**What to work on**
Copy the records word for word. Pictures do not go in.

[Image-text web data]
'''

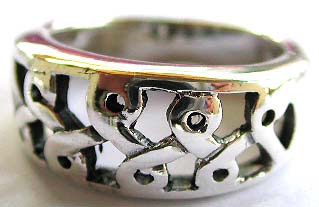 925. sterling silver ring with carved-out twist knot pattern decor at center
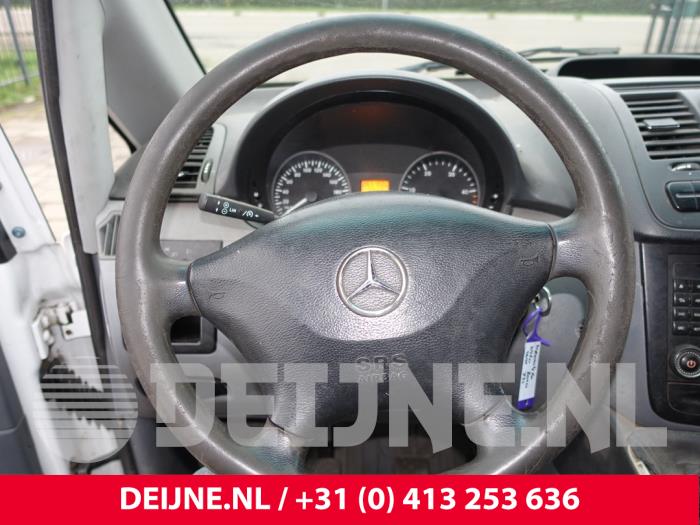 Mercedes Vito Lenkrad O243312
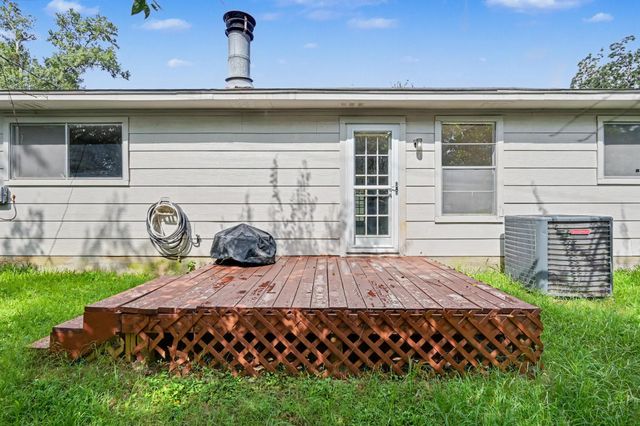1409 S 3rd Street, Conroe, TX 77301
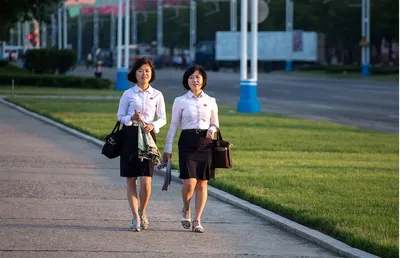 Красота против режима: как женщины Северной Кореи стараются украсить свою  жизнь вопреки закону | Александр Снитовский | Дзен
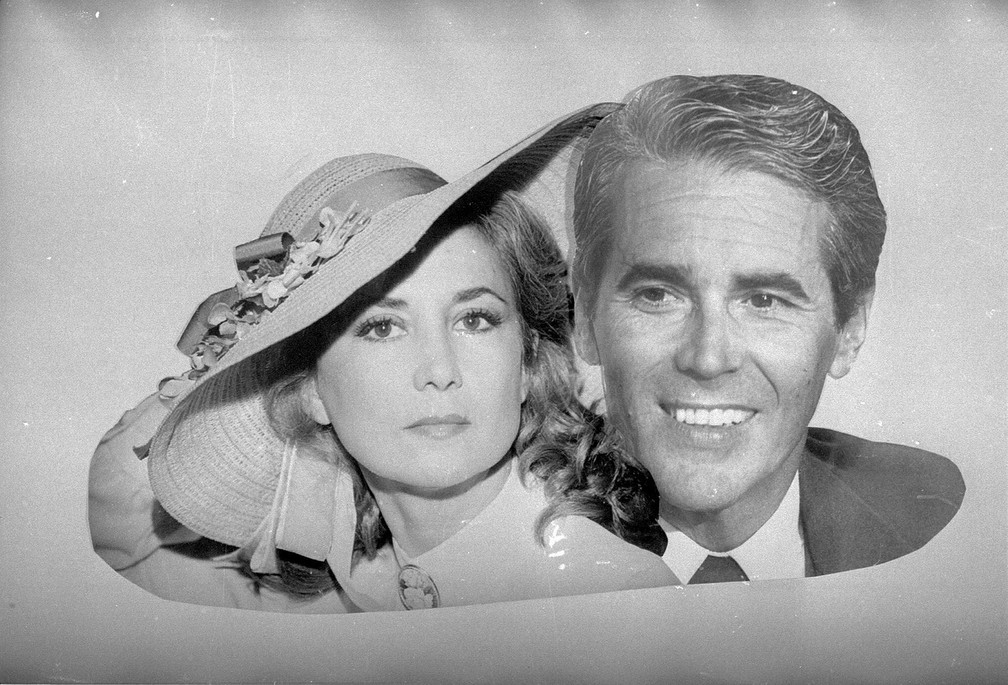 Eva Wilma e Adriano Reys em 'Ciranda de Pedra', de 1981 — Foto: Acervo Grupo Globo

'''

**Written answer**
 925. sterling silver ring with carved-out twist knot pattern decor at center
 Mercedes Vito Lenkrad O243312
1409 S 3rd Street, Conroe, TX 77301
 Красота против режима: как женщины Северной Кореи стараются украсить свою  жизнь вопреки закону | Александр Снитовский | Дзен
 Eva Wilma e Adriano Reys em 'Ciranda de Pedra', de 1981 — Foto: Acervo Grupo Globo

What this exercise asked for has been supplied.